By: Marlene Affeld
"There is no precious metal in the world coveted more than gold. The famous “yellow metal” has been a standard by which wealth is measured for centuries, and as civilizations took the first steps out of the Dark Ages and into international trade in the Middle Ages and beyond, gold was there as the standard unit of commerce used by nations and people who spoke different languages. Despite language and cultural barriers, everyone understands the value of gold. Today, gold remains a primary vehicle for private investment and the protection of wealth."
Now is the perfect time to invest in a gold claim. Although hording gold as a hedge against the devaluation of the dollar is a great idea, cut out the middleman and find your own gold on your own claim.
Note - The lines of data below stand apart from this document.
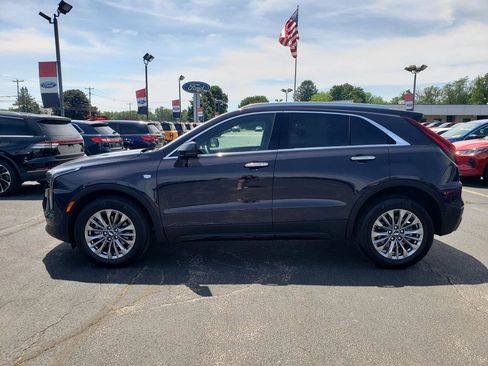 Used 2024 Cadillac XT4 Premium Luxury w/ Cold Weather Package AWD/4WD image 7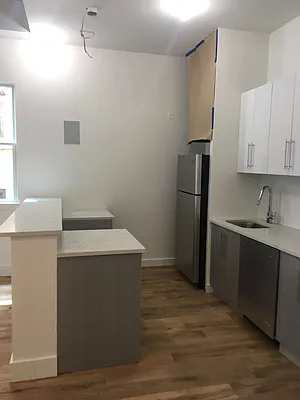 Rented by HCO NY | media 28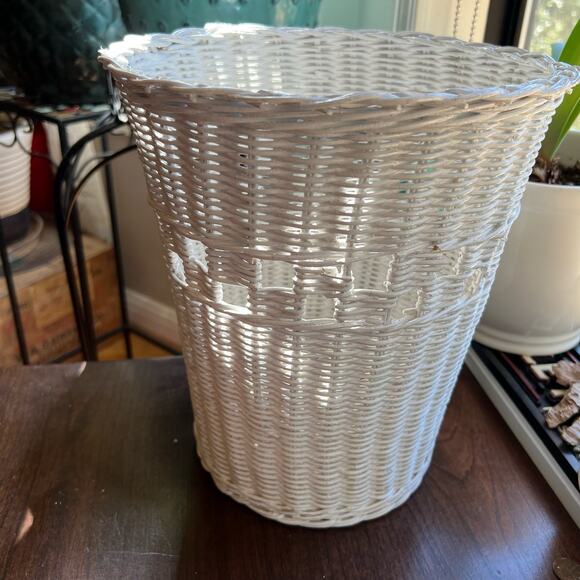 White Wicker Wastepaper Basket Trash Can Woven Shabby Chic Cottage Farmhouse Vtg - Picture 3 of 10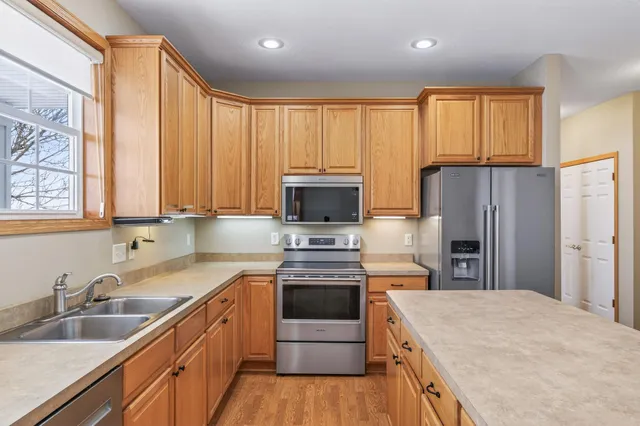 $315,000 | 9223 Mt Curve Boulevard, Monticello, MN 55362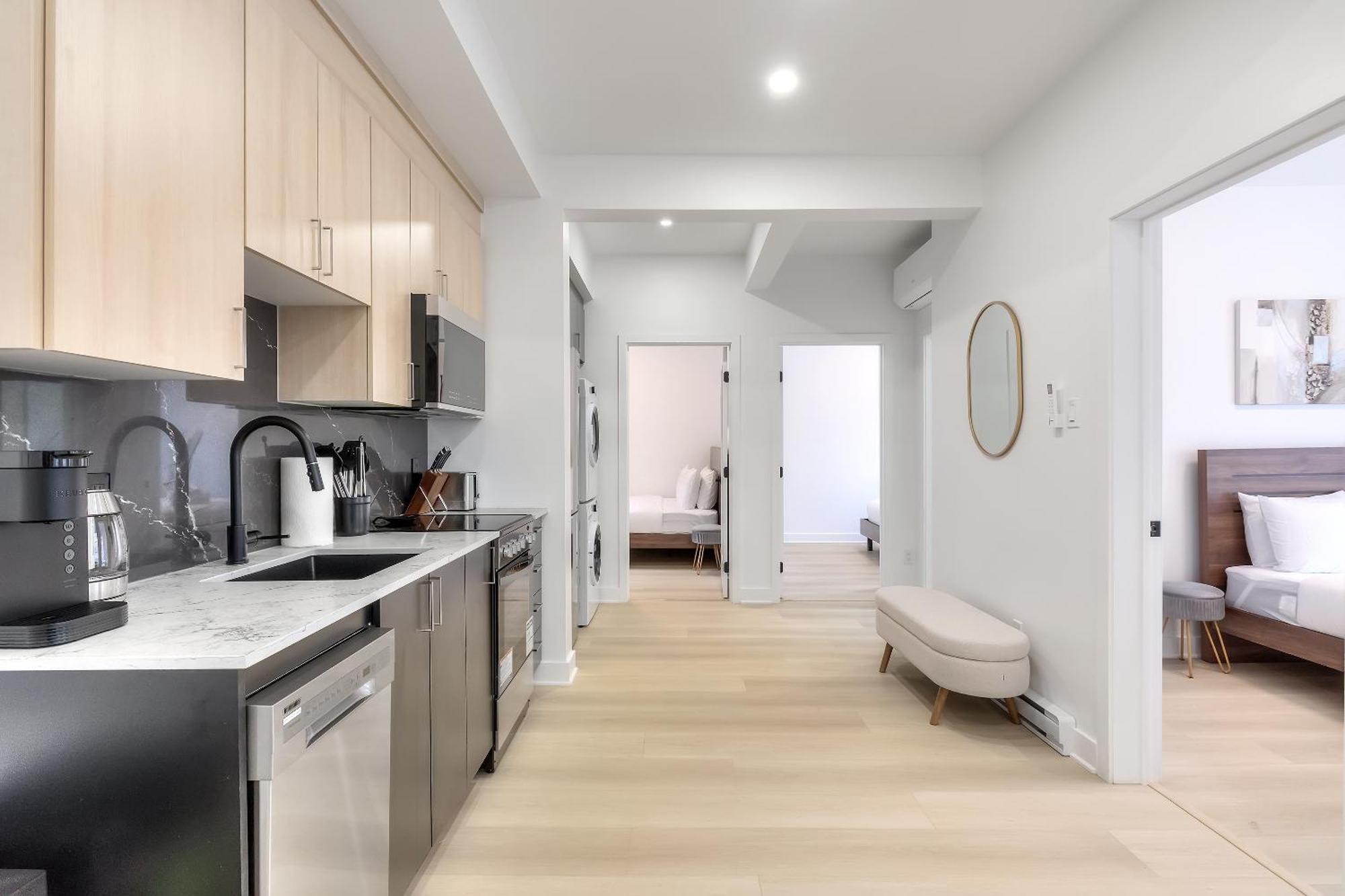 Free Indoor Parking Cozy & Spacious Condo In Heart Of Downtown Montreal Exterior foto
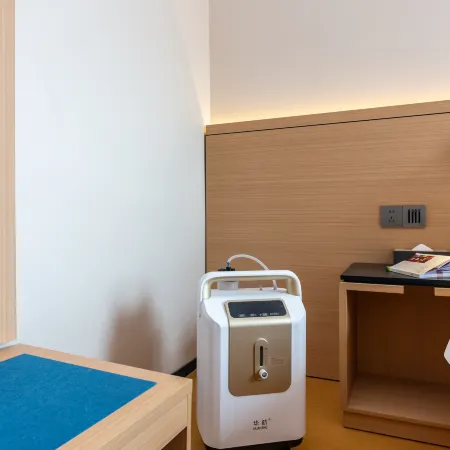 Dachang View Hotel (Dangxiong Namcuo Scenic Area Branch)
With the bottom falling out of oil prices and the stock market in a state of chaos, there are a lot of people lamenting they did not diversify their portfolios and invest in gold. When the finances of the world are volatile, investors flock to the security of gold, which in turn raises gold prices.
In today’s world of terrorist attacks, and financial uncertainty, many people, are converting assets to gold as it often out-performs other investment options. Historically, proves an excellent hedge against inflation with the price of gold typically increasing more than inflation.
Interwoven into the history and culture of the majority of the countries of the globe, gold is respected for its value and rich history. For 2,000 years gold has been an ideal method of protecting wealth; through wars, stock market crashes, and currency collapses, gold holds its value and is seen as a way to pass on wealth from generation to generation.
The increased wealth of emerging markets impacts the world demand for gold. India remains one of the world’s biggest consumers of gold with most worn as jewelry. In China, gold bars traditionally are used to store wealth with China’s demand remaining consistent.
The price of gold tripled between 1998 and 2008, dramatically escalating in value to a record value of a $1,000 an ounce. From 2008 to 2012, the price of gold went “through the roof” hitting an all-time high of $1,900.
Gold finished 2015 at $1.060 per ounce; down ten percent for the year. However, back then, investment advisers continued to recommend allocating a portion of one’s portfolio to the precious metal. Gold bounced back. Today, sage money managers remain confident in the power of gold, trusting in the knowledge that it has been exchanged for thousands of years and is a proven store of value.
Symbolic of wealth, status, and power, gold not only retains its value when the economy is vigorous; it maintains its value during times of geopolitical uncertainty. Gold is often referred to as a “crisis commodity” as investors flee to its relative safety when world tensions threaten to disrupt the normal flow of commerce. Lord knows, we are in a crisis now as inflatioin skyrocks and we all are feeling the pinch.
Financial investors consider gold as an essential part of a diversified investment portfolio. The price of gold consistently increases in response to world events that deflate the value of paper investments such as stocks and bonds. Today gold is at $1975.00 and climbing.
Although the price of gold is cyclical and can be volatile in the short term, gold remains a sound hedge against inflation and the erosion of major currencies, making purchasing a gold claim an investment well worth consideration.